Data under study
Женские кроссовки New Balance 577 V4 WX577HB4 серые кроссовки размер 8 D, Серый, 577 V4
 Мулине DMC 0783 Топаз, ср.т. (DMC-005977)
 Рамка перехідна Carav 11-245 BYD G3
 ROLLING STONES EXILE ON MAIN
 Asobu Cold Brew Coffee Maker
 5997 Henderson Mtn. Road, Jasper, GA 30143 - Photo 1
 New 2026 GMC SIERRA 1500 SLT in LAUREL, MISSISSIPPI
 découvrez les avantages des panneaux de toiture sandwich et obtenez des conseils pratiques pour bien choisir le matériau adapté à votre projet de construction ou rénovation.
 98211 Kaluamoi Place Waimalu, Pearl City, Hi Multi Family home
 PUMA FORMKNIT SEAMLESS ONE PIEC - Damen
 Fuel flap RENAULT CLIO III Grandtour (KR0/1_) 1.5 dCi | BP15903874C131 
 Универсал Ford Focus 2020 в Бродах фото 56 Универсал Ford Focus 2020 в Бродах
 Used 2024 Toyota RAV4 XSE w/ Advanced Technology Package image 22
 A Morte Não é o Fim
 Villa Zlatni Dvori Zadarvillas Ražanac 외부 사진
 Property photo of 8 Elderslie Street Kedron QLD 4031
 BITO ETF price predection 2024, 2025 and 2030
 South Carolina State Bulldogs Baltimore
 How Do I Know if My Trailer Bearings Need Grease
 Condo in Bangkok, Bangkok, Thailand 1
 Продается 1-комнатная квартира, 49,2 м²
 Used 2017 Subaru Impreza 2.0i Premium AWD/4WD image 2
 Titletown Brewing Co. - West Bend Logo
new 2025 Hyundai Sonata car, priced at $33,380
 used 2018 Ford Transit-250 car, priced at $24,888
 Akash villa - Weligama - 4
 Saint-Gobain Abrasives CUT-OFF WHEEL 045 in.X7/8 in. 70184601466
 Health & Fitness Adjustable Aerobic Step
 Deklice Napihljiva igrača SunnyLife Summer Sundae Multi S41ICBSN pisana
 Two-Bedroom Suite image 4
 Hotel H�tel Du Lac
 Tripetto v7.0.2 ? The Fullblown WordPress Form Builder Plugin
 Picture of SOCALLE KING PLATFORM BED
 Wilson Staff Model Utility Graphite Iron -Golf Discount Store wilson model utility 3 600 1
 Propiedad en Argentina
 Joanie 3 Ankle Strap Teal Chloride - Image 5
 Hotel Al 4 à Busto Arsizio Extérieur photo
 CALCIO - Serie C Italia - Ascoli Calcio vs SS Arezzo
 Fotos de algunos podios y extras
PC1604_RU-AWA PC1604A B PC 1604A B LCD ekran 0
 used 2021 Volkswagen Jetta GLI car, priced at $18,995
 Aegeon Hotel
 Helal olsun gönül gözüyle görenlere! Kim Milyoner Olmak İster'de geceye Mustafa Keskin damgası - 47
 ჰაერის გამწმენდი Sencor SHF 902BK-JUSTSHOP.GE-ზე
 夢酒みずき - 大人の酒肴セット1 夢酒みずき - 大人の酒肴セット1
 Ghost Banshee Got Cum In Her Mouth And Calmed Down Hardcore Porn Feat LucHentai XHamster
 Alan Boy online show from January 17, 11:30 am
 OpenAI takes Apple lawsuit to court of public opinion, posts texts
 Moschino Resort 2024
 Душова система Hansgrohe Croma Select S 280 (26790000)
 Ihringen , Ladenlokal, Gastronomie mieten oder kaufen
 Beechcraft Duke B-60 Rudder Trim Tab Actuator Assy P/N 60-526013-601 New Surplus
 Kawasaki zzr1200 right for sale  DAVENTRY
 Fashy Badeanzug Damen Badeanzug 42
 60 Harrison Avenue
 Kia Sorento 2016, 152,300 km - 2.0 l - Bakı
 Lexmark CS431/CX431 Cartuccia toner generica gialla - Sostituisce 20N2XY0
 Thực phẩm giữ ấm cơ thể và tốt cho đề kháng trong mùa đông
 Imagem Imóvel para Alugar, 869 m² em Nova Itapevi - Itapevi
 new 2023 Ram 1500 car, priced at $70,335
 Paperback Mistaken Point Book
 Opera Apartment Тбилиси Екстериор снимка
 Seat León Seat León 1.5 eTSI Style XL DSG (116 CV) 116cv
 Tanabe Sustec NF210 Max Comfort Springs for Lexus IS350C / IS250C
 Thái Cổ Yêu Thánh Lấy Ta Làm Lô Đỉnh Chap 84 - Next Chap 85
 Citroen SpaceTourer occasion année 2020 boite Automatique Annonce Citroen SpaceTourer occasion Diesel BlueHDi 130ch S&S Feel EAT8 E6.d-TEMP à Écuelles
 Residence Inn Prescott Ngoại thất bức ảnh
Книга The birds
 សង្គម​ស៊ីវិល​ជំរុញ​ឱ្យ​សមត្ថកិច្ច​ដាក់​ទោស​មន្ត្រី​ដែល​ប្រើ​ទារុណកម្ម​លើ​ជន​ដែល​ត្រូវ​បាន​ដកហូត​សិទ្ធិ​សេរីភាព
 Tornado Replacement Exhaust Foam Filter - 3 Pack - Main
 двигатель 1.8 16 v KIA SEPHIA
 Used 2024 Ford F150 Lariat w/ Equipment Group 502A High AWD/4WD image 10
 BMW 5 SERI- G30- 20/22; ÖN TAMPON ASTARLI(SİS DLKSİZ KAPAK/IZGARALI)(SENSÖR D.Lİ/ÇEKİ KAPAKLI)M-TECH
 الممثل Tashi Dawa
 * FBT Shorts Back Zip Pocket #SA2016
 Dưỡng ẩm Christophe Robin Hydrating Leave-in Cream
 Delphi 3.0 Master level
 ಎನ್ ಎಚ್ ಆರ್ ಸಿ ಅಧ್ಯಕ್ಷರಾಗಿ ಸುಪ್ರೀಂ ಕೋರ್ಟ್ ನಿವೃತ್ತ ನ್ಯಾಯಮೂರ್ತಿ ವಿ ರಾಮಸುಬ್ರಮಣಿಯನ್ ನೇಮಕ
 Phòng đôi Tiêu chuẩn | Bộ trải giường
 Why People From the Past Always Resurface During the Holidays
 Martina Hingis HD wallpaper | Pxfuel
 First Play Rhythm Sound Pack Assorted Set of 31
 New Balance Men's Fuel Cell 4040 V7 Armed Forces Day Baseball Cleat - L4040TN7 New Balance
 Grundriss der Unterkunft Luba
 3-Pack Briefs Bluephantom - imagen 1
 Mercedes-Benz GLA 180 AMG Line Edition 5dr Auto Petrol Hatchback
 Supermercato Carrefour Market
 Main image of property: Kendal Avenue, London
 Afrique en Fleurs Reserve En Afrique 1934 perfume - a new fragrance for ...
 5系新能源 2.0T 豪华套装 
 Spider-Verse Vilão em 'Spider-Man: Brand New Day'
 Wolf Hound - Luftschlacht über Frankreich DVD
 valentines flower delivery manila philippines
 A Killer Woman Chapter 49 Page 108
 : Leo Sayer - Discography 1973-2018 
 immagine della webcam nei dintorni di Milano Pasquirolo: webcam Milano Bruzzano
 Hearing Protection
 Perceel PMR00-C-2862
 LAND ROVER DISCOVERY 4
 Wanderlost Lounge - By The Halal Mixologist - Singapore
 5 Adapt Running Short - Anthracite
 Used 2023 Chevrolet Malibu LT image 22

Problem to solve
Look through the entries above; copy every line holding the string "Ford".

Written solution
 Универсал Ford Focus 2020 в Бродах фото 56 Универсал Ford Focus 2020 в Бродах
 used 2018 Ford Transit-250 car, priced at $24,888
 Used 2024 Ford F150 Lariat w/ Equipment Group 502A High AWD/4WD image 10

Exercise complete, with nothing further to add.